# Spot Tag Update



## Scott (May 24, 2004)

As most of you know, in Port O'Connor, we placed the first satellite spot tag in a tarpon. This tag is cool because when the fish rolls it allows us to get a fix on the fish's position immediately, without having to wait months for the tag to come off. The tag is zip-tied into the dorsal fin of the tarpon. This was a first ever experiment at the placement of this tag.

The tag is really working great. The fish, within about a week, moved from the Port O'Connor area all the way down to just south of Port Aransas. After that, the tag apparently then got in a car and has now driven itself to an area just north of San Antonio. The tag is still pinging and if it will ever stop, we'll go knock on somebody's door and retrieve it. Obviously, we'd like to get it back and figure out why it came off. The new possessor of the tag has not called.
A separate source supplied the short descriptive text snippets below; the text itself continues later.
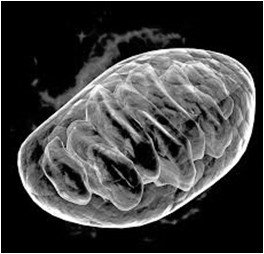 Mitochondrion representing cellular respiration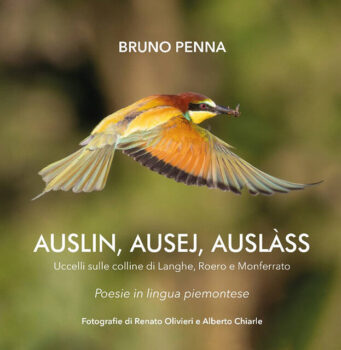 Auslin, ausej, auslàss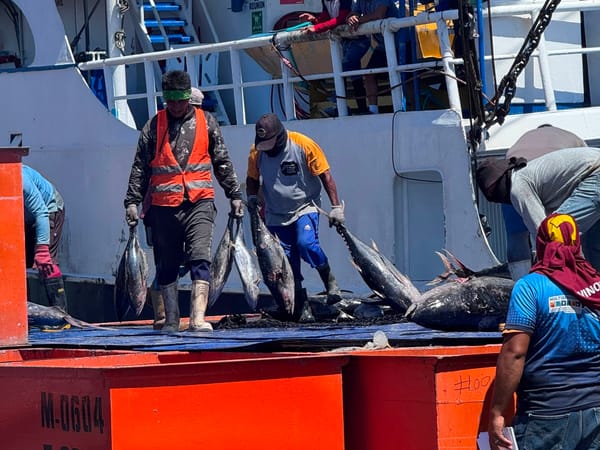 SUCRE | Más de 550 toneladas de atun arribaron a Sucre para abastecer el mercado interno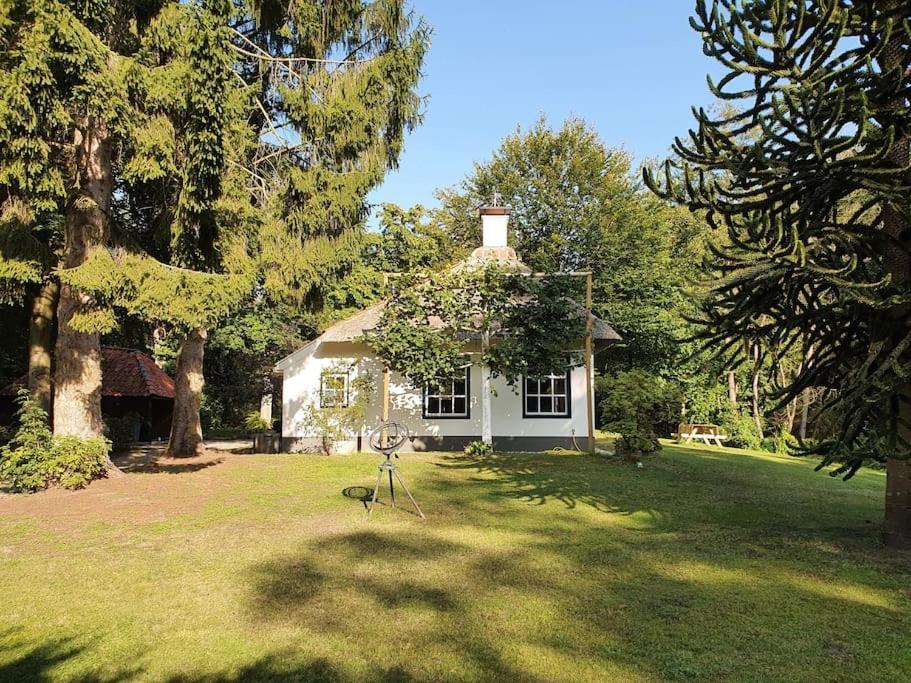 Midden In De Friese Bossen Op Landgoed Princenhof أورانييفاود المظهر الخارجي الصورة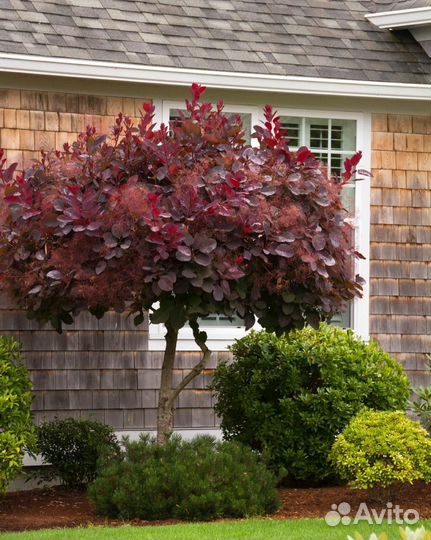 Скумпия кожевенная Роял Перпл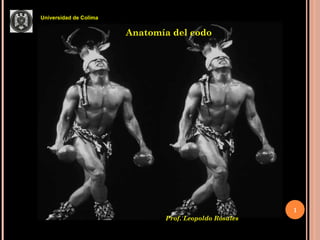 Prof. Leopoldo Rosales Universidad de Colima Anatomía del codo 
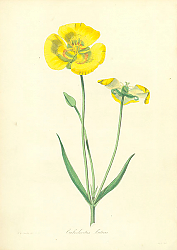 Постер Calochortus Luteus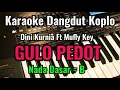 Download Lagu GULU PEDOT [ Dini Kurnia Ft Mufly Key ] Karaoke Dangdut Koplo || Nada Dasar = B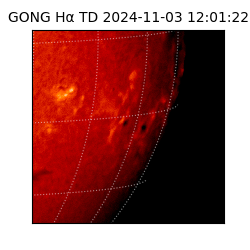 gong - 2024-11-03T12:01:22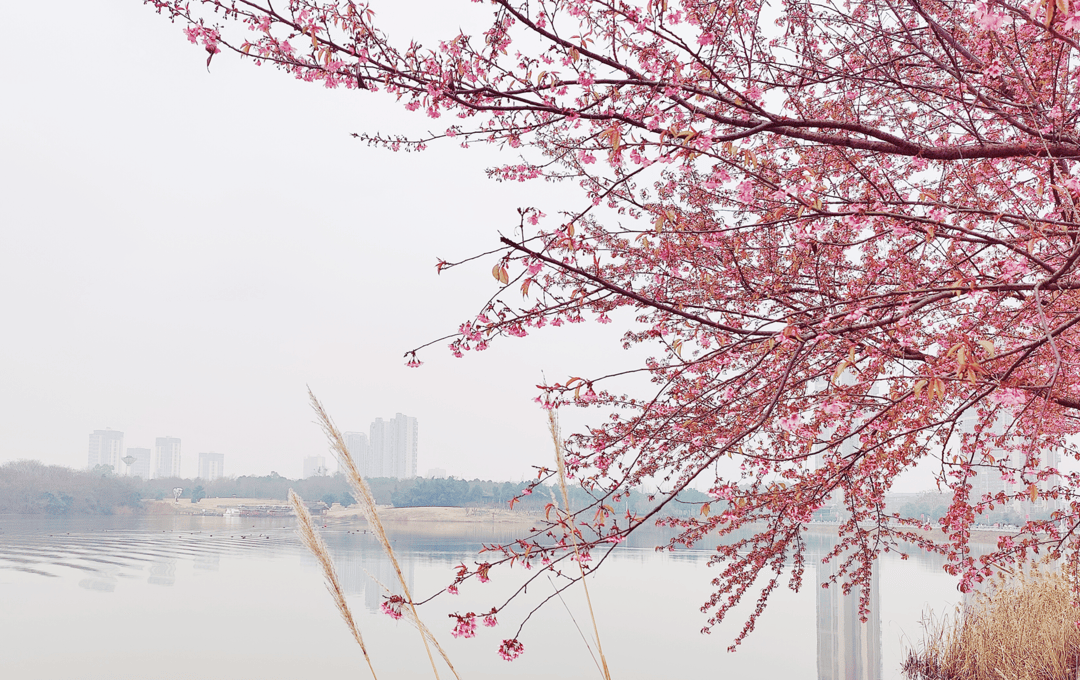 不知道去哪？10 条主题旅游线路一键开启快乐(图11)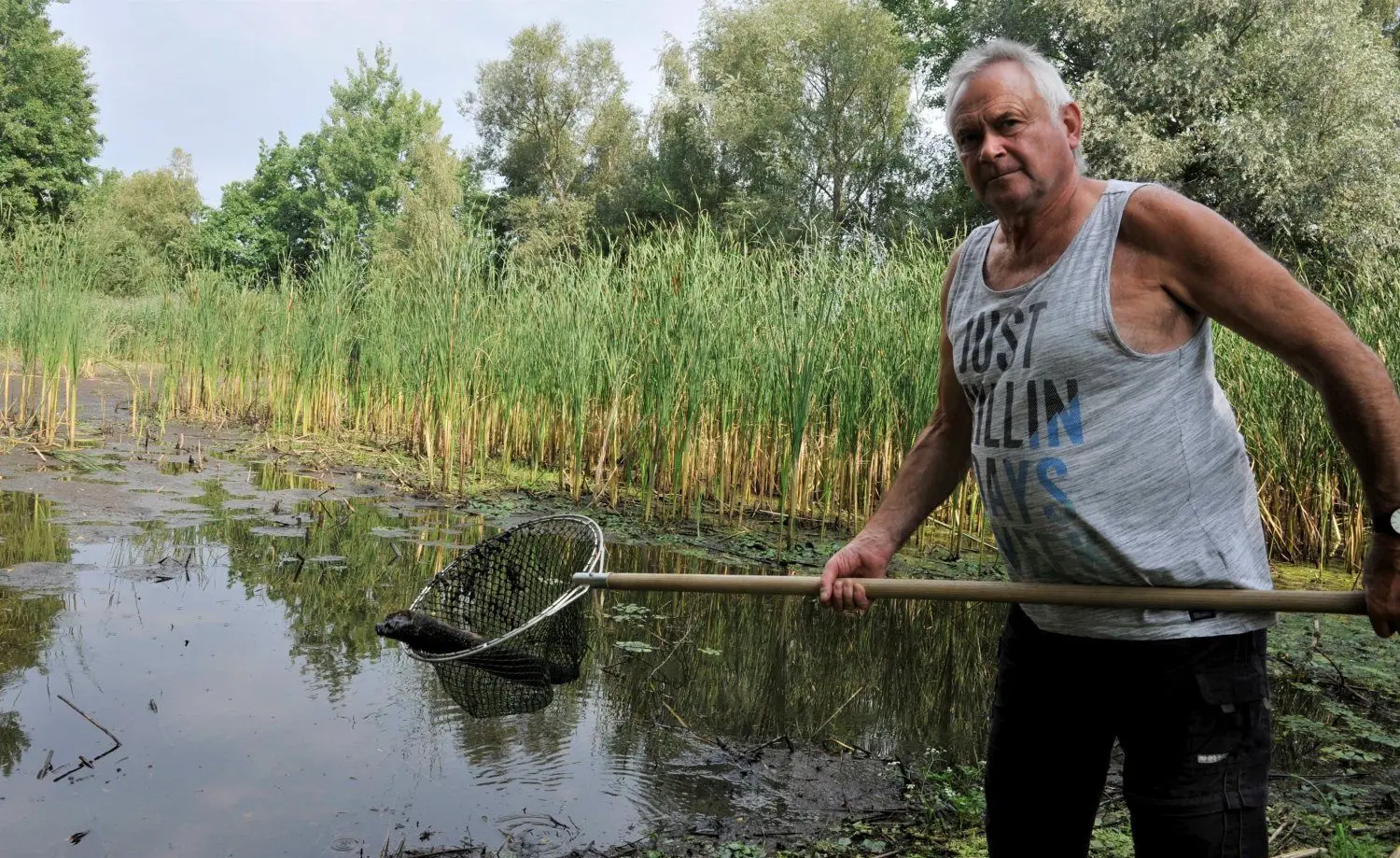 250 Hektar Teiche betreut Dietmar Bergmann von der Teichwirtschft in Klitten. Einige Gewässer mussten wegen Wassermangels bereits notabgefischt werden.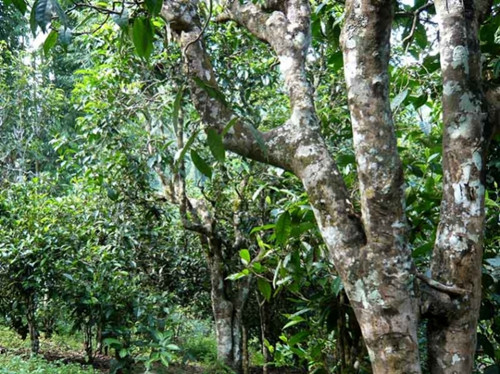 2021老曼峨古樹秋茶多少錢一公斤？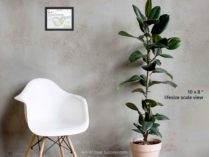 'strava-art' print framed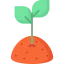 Sprout icon 64x64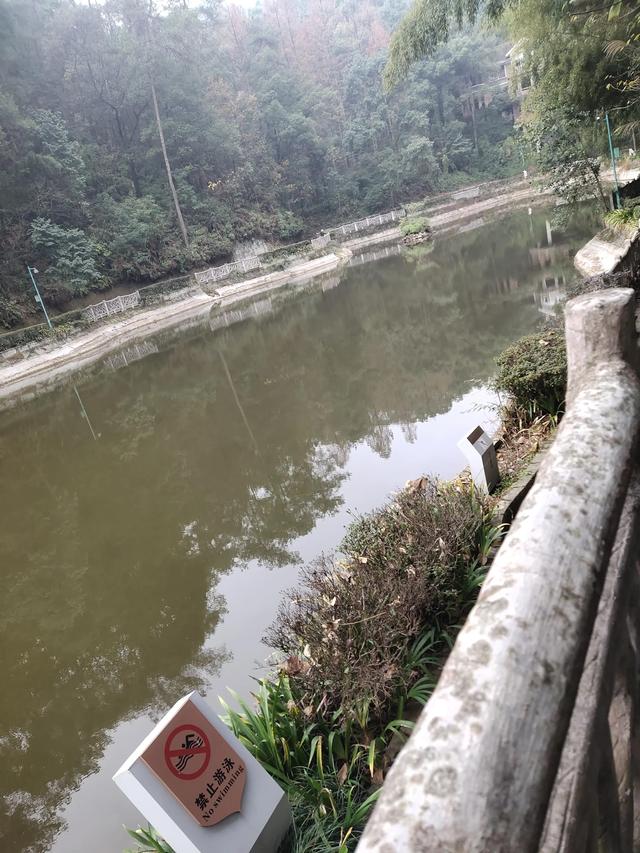 歌乐山森林公园，重庆旅游必去景点（歌乐山国家森林公园）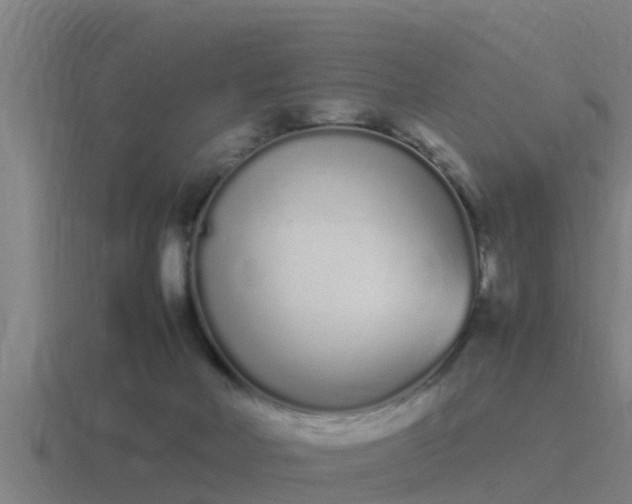 X0000116840026200912241237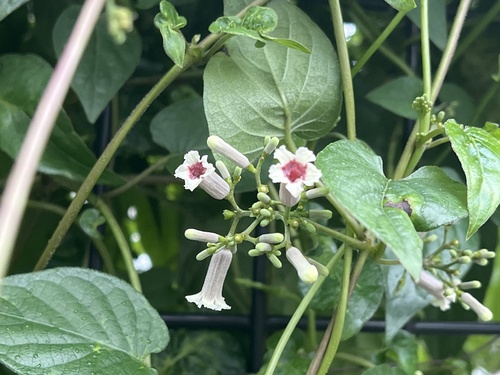skunk vine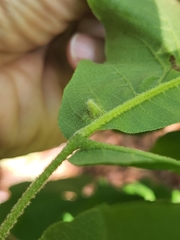 Phylloxera caryaesepta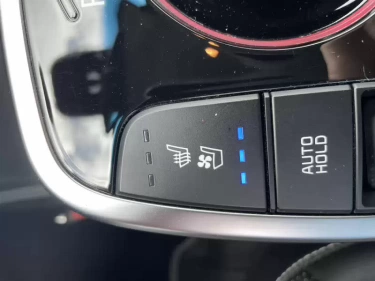 Foto van Kia e-Niro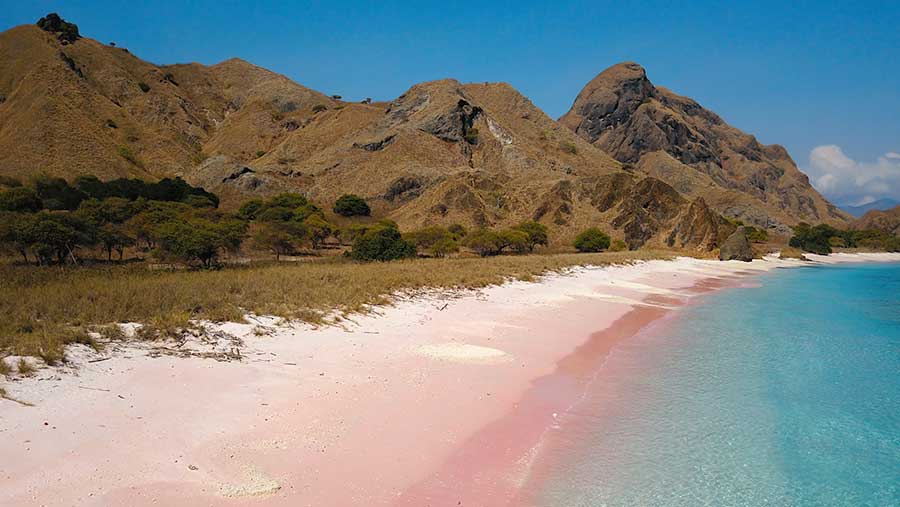 Pulau Komodo (Envato)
Hopefully he will.

It may be back to the drawing board on how we attach it but we'll just have to live and learn on this one. We can redeploy the tag if we get it back.


----------



## Muddskipper (Dec 29, 2004)

Sounds like you might be checking someones freezer.....


----------



## Scott (May 24, 2004)

No, it came off the fish before it was picked up and sat on the beach for a little while.


----------



## Jimmy Durham (May 25, 2004)

Why does it need to stop pinging before you can go get it?

Jimmy Durham


----------



## bk005 (Feb 23, 2005)

Because Its hard to punch a moving target. hehheehe just kidding. 

Awesome work yall are doing.


----------



## Scott (May 24, 2004)

stop moving, not pinging.


----------



## Tarponchaser (May 25, 2005)

Scott,

I live 30 miles North of San Antonio. Give me way to find and I will retreive.

TC


----------



## gonzo (Aug 9, 2005)

***** chasing*

tarpon... nothing easy


----------



## sfronterhouse (Sep 10, 2007)

Do you know which tag it was? Mine was T86 Argos #36031.


----------



## Jimmy Durham (May 25, 2004)

Steve,

This was not yours. They only put one Spot Tag on, and it was James Pinters(sp?).

Not sure when your tag is popping off. Who put your tag on? University of Texas or University of Miami? Let me know and I will tell you who to contact. My tag is coming off on Jan 15th. 

The good news is none of the other tags have come off or surfaced. A good indication that all fish are doing fine.

Jimmy Durham


----------



## jakers (Oct 29, 2004)

*tag ID*

Had a double on saturday out of freeport. My partner said that his fish had a tag in it. He has caught a few tarpon. I did not see it and unfortunatly, I did not look back when he had the leader. The fish ran under the boat and he decided to let go of the leader then it broke off as it pulled the main line across the hull be for he could get the rod out of the holder. I know. If I was thinking and remebered his comment about the tag I would have let my fish soak and helped get his!

He said the tag appeared to have some red in it and that it was attached a few inches to the side and several inches behind the dorsal fin. I kept saying that it was probably just the long string like part of the fin. He said no I have seen enough tarpon to know the dif.

Anyway, has anyone heard of tags that were placed that had any red in them? 
He was not to happy because I had lectured him about keeping the line off the hull then *****ed at him a bit because he did not get the rod tip in the water. Lesson learned the hard way.

Let him fight my fish and just didn't say anything else about the other one.

Looking back, I think I am more upsett than he was. Would have been real cool if it did infact have a tag.


----------



## sfronterhouse (Sep 10, 2007)

*Tag*

Jimmy,

Dr. Ault sent me an email saying that mine was coming off on the 15th of January too.

Fronterhouse


----------